Going this Christmas vacation, only ten states remained: Alabama, Alaska, Delaware, Hawaii, Idaho, Kansas, Nebraska, Oklahoma, Utah and West Virginia. That, my friends, is why we’re stuck inside of Mobile. Delaware and West Virginia are just a matter of time, and the Kansas-Oklahoma-Nebraska corridor could be fulfilled by a well-timed college football trip. Alaska and Hawaii are obviously non-road trip destinations, and so de-prioritized, leaving the problem children of Utah (no legal boozing) and Idaho (traumatic John Birch Society country).
Each of the forty states I have checked off has its own story. Putting aside the obvious greatness of venues like New Orleans, Las Vegas and Denver, my most memorable destinations include a rolling New Years in Savannah, Georgia; a zany road trip to Bennington College, Vermont; and crashing a wedding in Columbus, Ohio. Wyoming wins for “most disappointing time”, and that’s after we set the bar quite low. South Dakota, in contrast, sports The Zoo, one of the best dive bars in the country. Where else can you get well drinks for 75 cents on a Thursday, free tacos on Friday, and Snow’s “Informer” in the DJ’s regular rotation? Boston, and Massachusetts generally, remains a vastly overrated party location, while Tennessee’s hotspots Nashville and Memphis give you everything you need, with some fine music and food to boot.
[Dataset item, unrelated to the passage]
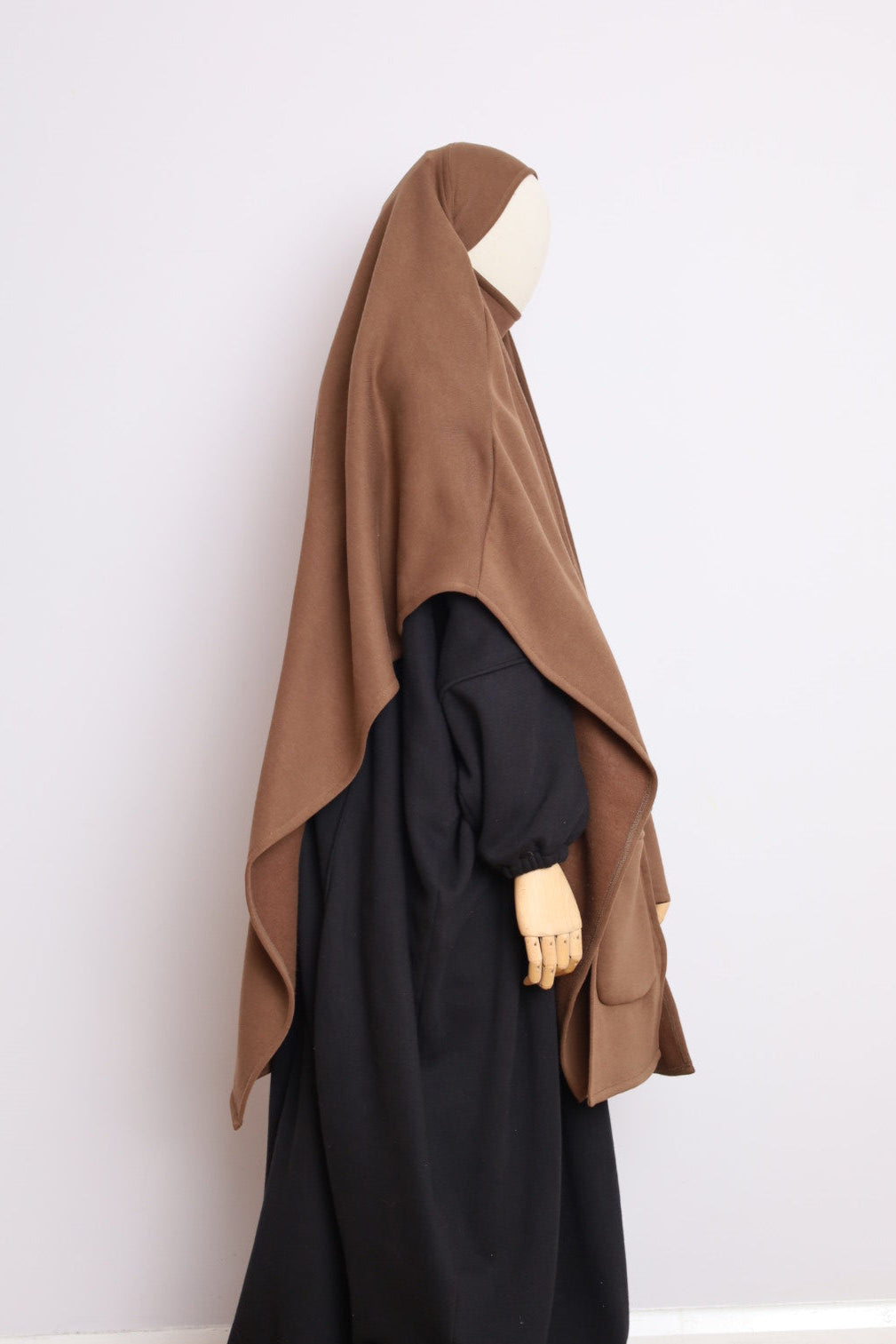 Winter Khimar With Pockets Dark Brown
It’s a heck of a world out there, and no one has time to see all of it. But this young American, every state is worth doing, and anything worth doing is worth doing right. So here’s to you, Alabama. Show me the way, to the next whiskey bar.
(In Part II, Janos explores Mobile, Alabama. Will he get to 41?)
Comment and a question.
Question: Just out of curiosity, have you come up with a specific definition for “party”?
Comment: As of a few years ago, you can booze in Utah: http://ezinearticles.com/?Yes-You-Can-Get-a-Drink-in-Utah&id=2862901
Good news re: Utah! I was last there a long time ago.
To answer your question: there’s no hard definition, but most of these haven’t been close calls. In Iowa I had a quick six beer float at a restaurant then passed out in the backseat while Sally took the wheel. Other than that it’s usually involved multiple bars with multiple drinks, often multiple nights. Wyoming wasn’t the most fun night, but we still went to two bars and drank a six-pack in our hotel room.
I haven’t kept track of the parties but the only three states in general I have left to drive through are Hawaii (lost cause), Alaska (the AK highway beckons), and Idaho. Maybe we should rent an RV sometime this year, outfit it appropriately, and make a documentary: “Destination Anchorage: The Ultimate Road Trip Tournament.” Also invite all dreamers. City to city. That’s 2012 epic.
I’m going to Siberia this summer. Maybe I could retrace the original Americans’ journey to the continent and pit-stop in Alaska. A road trip to Alaska may not be in the cards for me, though.
“…with some fine music and food to boot.”
intended double meaning?
“To boot” was born for double entendres, though in this particular case I just mean “as well.”